Le catalogue de l’exposition que le Musée d’Art moderne de la Ville de Paris consacre à la galerie Pierre du 7 juin au 16 septembre 1979 est une source inestimable pour comprendre la démarche de Pierre Loeb en tant que collectionneur et galeriste. André Berne-Joffroy, tout en évoquant avec précision les premières expositions proposées par la galerie Pierre, raconte la manière dont il a tenté de rassembler un maximum d’œuvres exposées par Pierre Loeb, aujourd’hui disséminées dans les musées du monde entier. Il détaille également la manière dont l’accrochage de l’exposition a été pensé.

Dans une deuxième partie, des reproductions de tableaux, des photographies de la galerie (pour la plupart prises par Denise Colomb) et des témoignages d’amis artistes, dont Joan Miró et Wifredo Lam, retracent à la fois l’existence de la galerie Pierre et le parcours dans l’exposition.

Une troisième partie propose une chronologie détaillée des expositions qui eurent lieu à la galerie Pierre et la reproduction de lettres manuscrites.

À la Bpi, niveau 3, 7.9 LOE

Modigliani, Utrillo, Soutine et leurs amis

Modigliani, Utrillo, Soutine et leurs amis

François Daulte, Joachim Pissarro, Marc Restellini
Fondation de l'Hermitage, 1994

L’exposition dont ce catalogue est tiré est sous-titrée « Les peintres de Zborowski ». Grand ami d’Amedeo Modigliani, Leopold Zborowski est un contemporain de Pierre Loeb, puisqu’il devient marchand d’art vers 1915.

Dans sa galerie de la rue de Seine, à Paris, il expose André Derain, Pinchus Krémègne, Chaïm Soutine, Marc Chagall, André-François Breuillaud, René Iché, Eugène Ebiche, Maurice Utrillo, Jean Aujame, mais aussi Henri de Toulouse-Lautrec, Auguste Renoir, Paul Cézanne, et Jean Fautrier…
Il est ruiné par la crise financière de 1929, et meurt en 1932.

À la Bpi, niveau 3, 754.408 ECO

Regards sur la peinture

Pierre Loeb
Pagine Arte, 2014

Cet ouvrage est la retranscription d’une conférence donnée par Pierre Loeb le 13 décembre 1949 à la Société de géographie de Paris. La première édition a été tirée à 20 exemplaires numérotés, plus 10 exemplaires hors-commerce numérotés, accompagnés d’une eau-forte de Giacometti.

Pierre Loeb, dans ce discours aussi érudit qu’émouvant, est un homme profondément marqué par la guerre. Il essaie « de trouver, par l’intermédiaire de la peinture, une explication à [son] angoisse et aussi à la [nôtre] ».
Partant d’une réflexion sur l’histoire de l’art au 20e siècle, il se demande si l’homme mérite, après la guerre, d’être sauvé.
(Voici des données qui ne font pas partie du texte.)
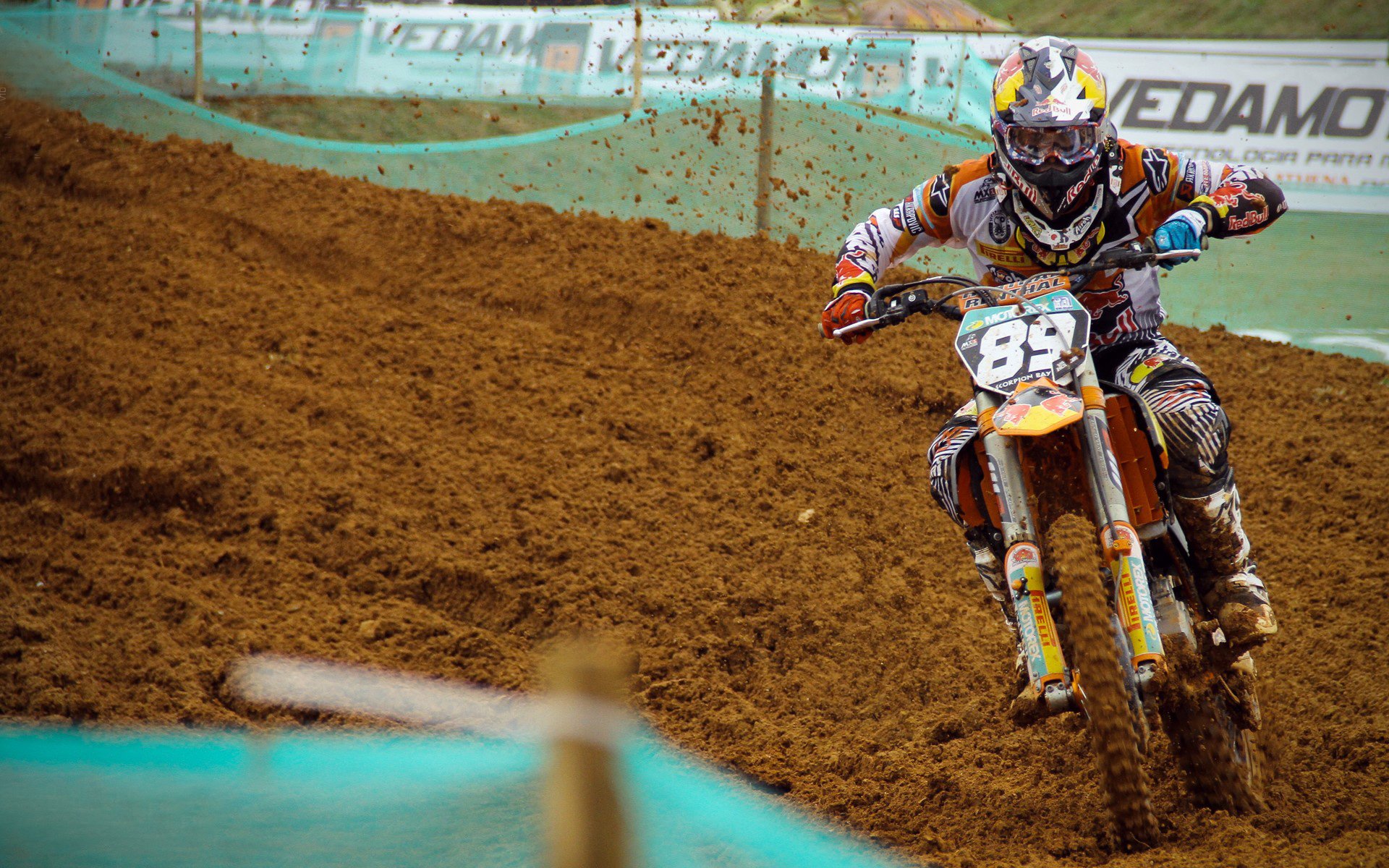 斑马已瘦，大黄蜂正肥！，斑马和黄蜂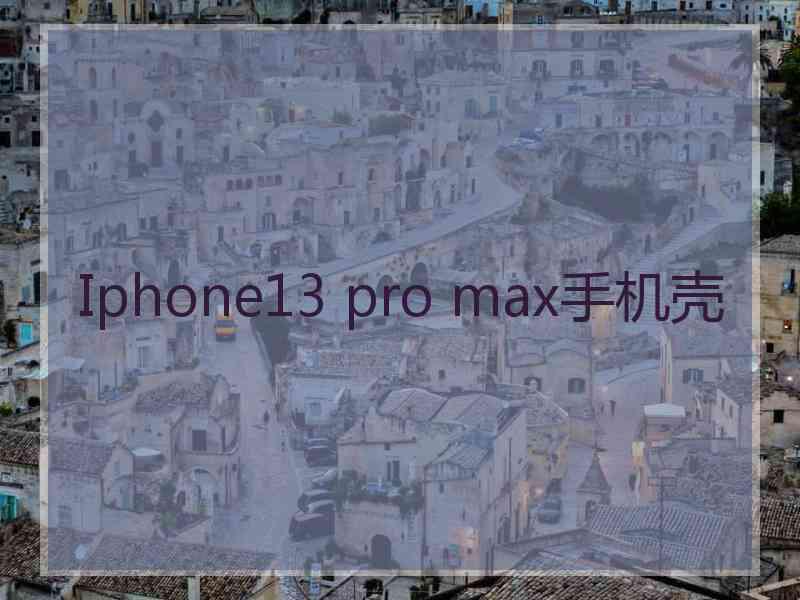 Iphone13 pro max手机壳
En guise de réponse au « drame humain à l’échelle mondiale » que tous viennent de traverser, il affirme : « J’attends un art ingrat, laid, grossier, douloureux », une « création pure » pour dépasser le cauchemar.
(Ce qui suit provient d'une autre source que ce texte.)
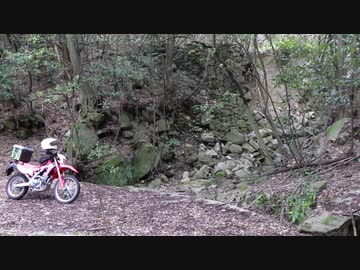 水辺の風景_その1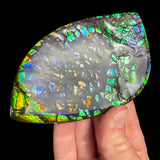 Multi-colored Ammolite Ammonite Shell Fossil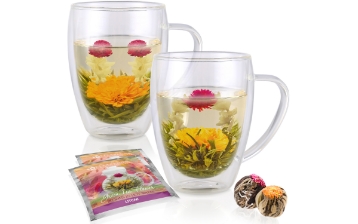 CLEAR BLISS® Double Walled Mugs – Set of 2 Insulated Glass Beverage Mugs for Tea  Coffee  and More - 12 oz / 350 ml 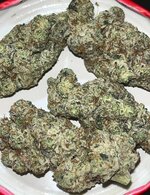 IMG_8102.jpeg IMG_8102.jpeg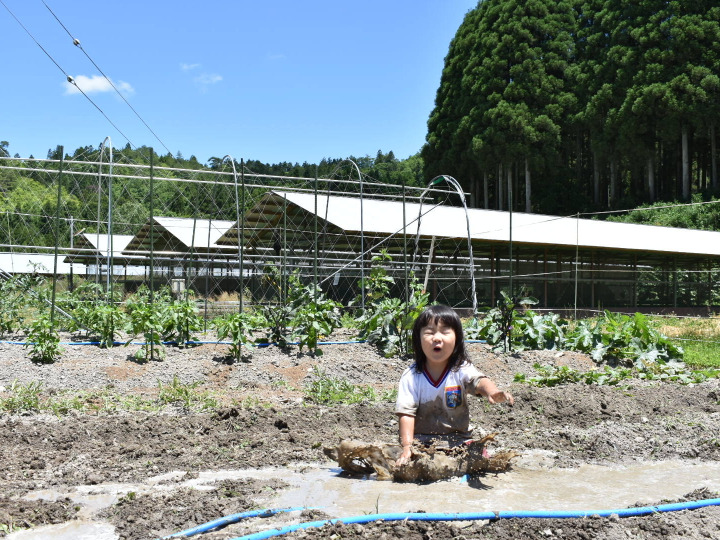 子育てと生き方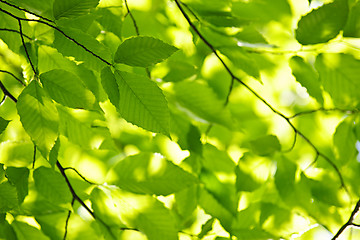 Image showing Green spring leaves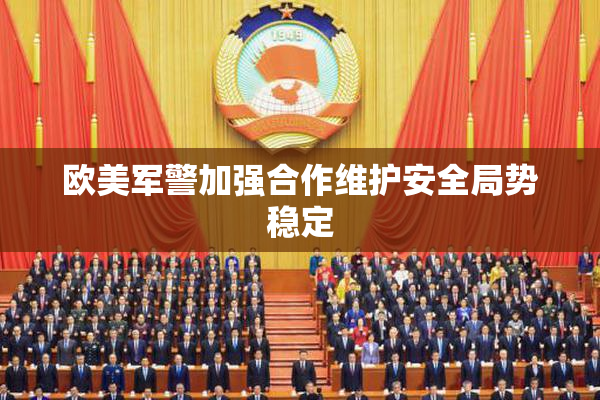欧美军警加强合作维护安全局势稳定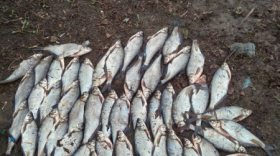 В Череповецком районе задержали браконьера, ловившего рыбу в нерест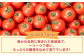 トマト とまと あまい 甘い 新鮮 野菜 おいしい 美味しい 絶品 生鮮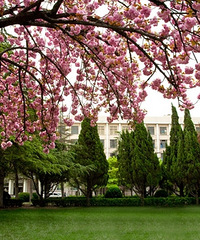 ���ںܶ���˵�������� ���ǿ��ϺõĴ�ѧ �����ܸı����˵�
À la Bpi, niveau 3, 7.9 LOE

Katia Granoff et la galerie Larock-Granoff

Katia Granoff et la galerie Larock-Granoff

Katia Granoff ouvre sa première galerie en 1924 à Paris, au 166 boulevard Haussmann. Elle expose Georges Bouche, Marc Chagall… La galerie devient célèbre et déménage quai de Conti, puis l’occupation de Paris par les Allemands force Katia Granoff à fuir la capitale.

La guerre finie, elle ouvre deux galeries, à Honfleur et à Cannes, ainsi qu’une nouvelle galerie à Paris, place Beauvau. Elle est l’une des premières à redécouvrir et à exposer, dès 1955, les Nymphéas de Claude Monet, réputés invendables.
Katia Granoff choisit souvent d’exposer des artistes femmes, parmi lesquelles Anne Français ou la sculptrice Chana Orloff. Elle expose également les peintres de la nouvelle génération.

Les galeries du quai de Conti et de Honfleur sont toujours ouvertes, et maintenant dirigées par la famille du neveu de Katia Granoff, Pierre Larock.